# Freshwater Lakes



## swampbilly (Jul 5, 2013)

Anyone know of any freshwater lakes that you can run a your motor in within an hour of crestview? I think I have given up on the idea of putting my boat in the creeks. thanks much and I appreciate any info.


----------



## Jason (Oct 2, 2007)

Look to the north....Lake Jackson in Florala unless you are wanting FL only....


----------



## Yakavelli (Mar 17, 2010)

Not sure about the drive time, but Lakes Talquin and Seminole aren't too terribly far to the east. Worth the trip. Merritts Mill Pond in Marriana is good too. Watch for stumps in all three.


----------



## Splittine (Nov 24, 2007)

I wouldn't give up on the rivers. They are some if the best fishing in the area. I think you are over thinking the stump situation.


----------



## jeepNfool (Oct 23, 2008)

Lake Jackson is the closest to us..


----------



## FishWalton (Jul 22, 2010)

You might want to consider Juniper Lake just north of DeFuniak. It's about 350 acres, full of snags so fish slow and carefully.
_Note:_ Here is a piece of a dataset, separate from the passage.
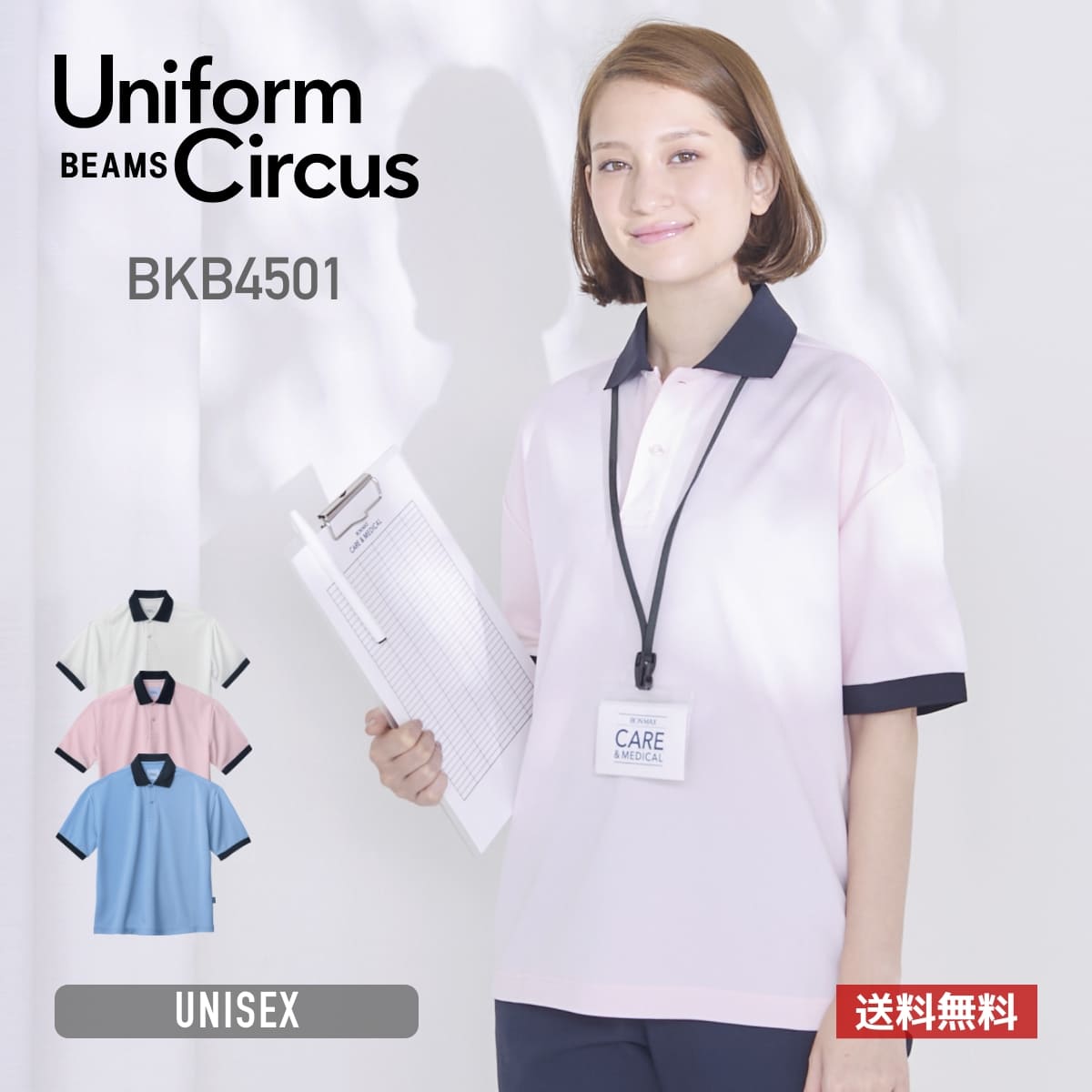 ユニセックスポロシャツ（ポリジン加工） | 介護服（福祉・ケア） | 1枚 | BKB4501 | ピンク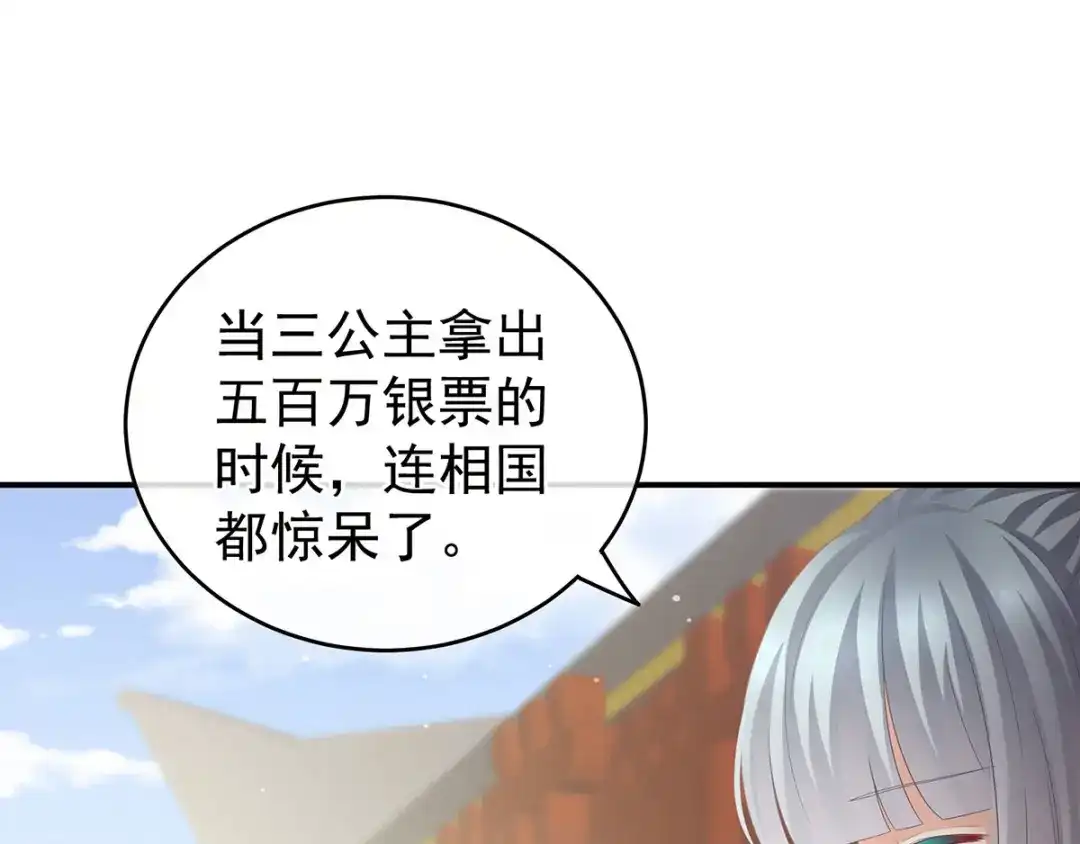 《女帝多蓝颜》第154话 我舍不得你 第10页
There are channels marked through the snags with pvc pipe so you can get across the lake without boat hanging up.


----------



## drifterfisher (Oct 9, 2009)

Splittine said:


> I wouldn't give up on the rivers. They are some if the best fishing in the area. I think you are over thinking the stump situation.


What he said. If you want,when the river gets right again I'll take you on my boat one day so you can see just how nice the rivers are around here.
Personally I think there is better fishing on the river than most of the bigger lakes right around here.


----------



## Yakavelli (Mar 17, 2010)

drifterfisher said:


> What he said. If you want,when the river gets right again I'll take you on my boat one day so you can see just how nice the rivers are around here.
> Personally I think there is better fishing on the river than most of the bigger lakes right around here.


The river is better by far...around here. Our lakes are nothing more than a tease unless you hit them on a perfect day by some chance in hell. At least that's how I see 'em. Our best lakes are the ones connected to the river...go figure.

Wish we had a Lake Seminole or a Talquin close by.


----------



## barefoot (Nov 3, 2011)

drifterfisher said:


> What he said. If you want,when the river gets right again I'll take you on my boat one day so you can see just how nice the rivers are around here.
> Personally I think there is better fishing on the river than most of the bigger lakes right around here.


I absolutely agree, we have some of the best river fishing around.


----------



## drifterfisher (Oct 9, 2009)

Yakavelli said:


> Wish we had a Lake Seminole or a Talquin close by.


Your preachin to the choir....


----------



## FishWalton (Jul 22, 2010)

I agree river fishing is probably better than a local lake.But when the river is like it is right now a lake is a good alternative.....that is unless you know how to fish very high water in the river.


----------



## drifterfisher (Oct 9, 2009)

fishwalton said:


> I agree river fishing is probably better than a local lake.But when the river is like it is right now a lake is a good alternative.....that is unless you know how to fish very high water in the river.


I have fish when the river is high a few times,wasn't productive for me. Very few and FAR between. I think it was dumb luck more than any kind of skill.


----------